The major platform for which there is not currently a Java capability is Windows 3.1. One reason for this is the lack of threads in a Windows 3.1 environment. However, Netscape has announced [4] plans to support Java for Windows 3.1 in a future beta release.
It should be noted that along with the power of being able to download an application from the Internet and run it on your local machine, there are inherent dangers involved in this architecture. There is work underway to ensure that the Java environment is a controlled one in which the users can decide upon the level of access that a Java application should be given to their local computer systems. This report does not focus on the security issues involved with Java, but the conformance testing work (in addition to all other Java related work) will rely heavily on the ability of the developers to provide a safe Java environment.
This initial proof-of-concept project will only provide tests for a small
portion of the CIM framework specification. A complete system will contain a
full set of tests, which could be developed by a combination of automatic and
manual test generation techniques, see [1].
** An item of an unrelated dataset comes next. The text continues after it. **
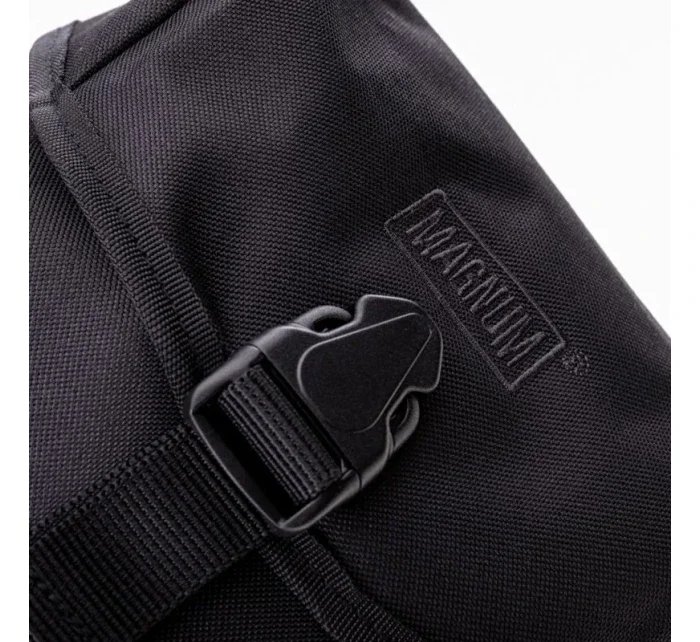 Pocket sáček model 19904622 - Magnum Pocket sáček model 19904622 - Magnum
As indicated in Fig. 1. the Java-scripted test and the suppliers implementation are both based on the CIM Framework specification. A typical scenario will involve a developer of a CIM Framework compliant application e.g., a scheduler application, accessing a Web site which contains the Java test suite. The supplier will be presented with a form to fill out indicating which tests they wish to run. An a la carte menu will allow developers of individual classes to pick tests for their own classes. In addition, test suites for a component of the CIM Framework or groups of components could be selected. Once the tests are selected the next step will be for the user to fill in information about the ORB to be used during the testing, via an HTML form interface, or a Java AWT (Abstract Window Toolkit) interface. This information will be required to determine the location (name or address) of the ORB which will be used to connect the supplier's implementation under test with the test itself. Note that in some configurations multiple ORB's might be used to communicate between the test and the object under test. The address of the ORB will then be passed to the test applet or application before it is downloaded to the user. The first thing the applet will do when it is actually downloaded by a user will be to register itself with the local ORB. The ORB could either be local to the supplier's machine or it could be remote. For the proof-of-concept testing we are planning, all three of the main elements of the testing system (ORB, implementation, and test) will reside on the same machine. In some cases it may be that the local ORB that the supplier is using may not have an interface to Java. In this case another ORB (which supports an interface to Java) will be used and the inter-ORB communication will be required to actually run the test.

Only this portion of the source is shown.